There are many Mongolian female athletes recognized for their accomplishments in judo, freestyle wrestling, boxing and shooting. However, this is a matter that should get input from others and decided officially by NOC.
It must be difficult completing all these jobs at once?
In one way, it’s multi-tasking but in another way, you can say it’s to focus on a similar job function for each different job. Working at E-Mart, Skytel and Mongolian National Olympic Committee requires me to work with many different people and completing multiple tasks at once but wherever I go I try to hold a few core job descriptions. I pay attention to foreign relations, strategy and raising finance.
To this day, I’m still in close contact with the people I met in Chicago, Harvard Business School and from when I worked at Morgan Stanley. We exchange ideas and consult one another. I’m also very happy to have been elected first vice president of the Mongolian National Olympic Committee. It’s a non-staff position that allows me to work together with many sports professionals and attend conferences together to develop sports and Olympism while giving me the opportunity to do my other private sector jobs.
Between 2016-2018, I also had the opportunity to work as an external member (non-staff) of the Monetary Policy Committee at Mongol Bank (Central Bank of Mongolia). Instead of working at the same office every day I prefer to work on and research different things and do work under the social responsibility framework. For example, I founded a non-profit organization called Mongolia Needs You where we run a mentorship program for 25-30 students every year. 10 students from the program are granted scholarships each year.
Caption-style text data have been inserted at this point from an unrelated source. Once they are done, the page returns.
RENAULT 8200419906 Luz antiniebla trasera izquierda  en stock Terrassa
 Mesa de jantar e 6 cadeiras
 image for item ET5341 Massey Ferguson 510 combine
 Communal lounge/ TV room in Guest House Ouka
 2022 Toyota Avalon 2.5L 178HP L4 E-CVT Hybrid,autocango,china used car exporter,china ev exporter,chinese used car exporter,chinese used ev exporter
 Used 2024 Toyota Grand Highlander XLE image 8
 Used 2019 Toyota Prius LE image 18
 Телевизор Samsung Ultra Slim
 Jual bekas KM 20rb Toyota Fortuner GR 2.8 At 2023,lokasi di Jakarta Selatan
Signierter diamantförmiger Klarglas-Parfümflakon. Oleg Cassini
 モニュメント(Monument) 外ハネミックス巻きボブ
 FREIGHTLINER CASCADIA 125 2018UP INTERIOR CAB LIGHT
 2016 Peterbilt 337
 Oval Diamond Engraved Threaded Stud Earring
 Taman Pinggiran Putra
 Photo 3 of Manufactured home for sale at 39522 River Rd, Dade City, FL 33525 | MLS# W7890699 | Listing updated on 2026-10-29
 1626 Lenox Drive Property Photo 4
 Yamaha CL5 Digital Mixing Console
Over the past four years, we have had 108 students in our program and granted scholarships to 30 students. E-mart and Skytel are also both very socially accountable companies and actively give back as part of their social responsibility framework.
Thank you. This is my last question before we end this interview. Under your sports and social responsibility framework, what ideas do you think can be implemented in Mongolia and what ideas or advice do you have for future projects?
Sport is a big structural part of society. In the future, as Mongolia hosts more sports events and games that we become more experienced and have the infrastructure to host larger sports events together with the different government and non-government institutions. The event I had in mind recently is the Youth Olympic Games. This is because I was able to attend the Youth Olympic Games in Argentina in 2018 and now the next one will be in Dakar, Senegal in 2022 that I believe developing countries like Mongolia could possibly be a host nation. This specific event provides international support, especially for bringing athletes from all over the world and maybe even support for sports infrastructure. During this event, for instance, we can build an athlete’s village on the outskirts of the city.
Afterwards, I see an opportunity where the athletes' village can be turned to an affordable housing project where local residents can purchase them through low-interest mortgage loans. It will contribute to reducing air pollution which currently is a big issue in our society from also burning coal in the houses. I believe it requires everyone’s involvement including the sports sector, private sector and public sector. Lausanne 2020 Youth Winter Olympic Games preparations are well on their way and comping up soon, I hope that many people from our country can attend and gain experience and participate in this event so that one day we can proudly say we hosted one.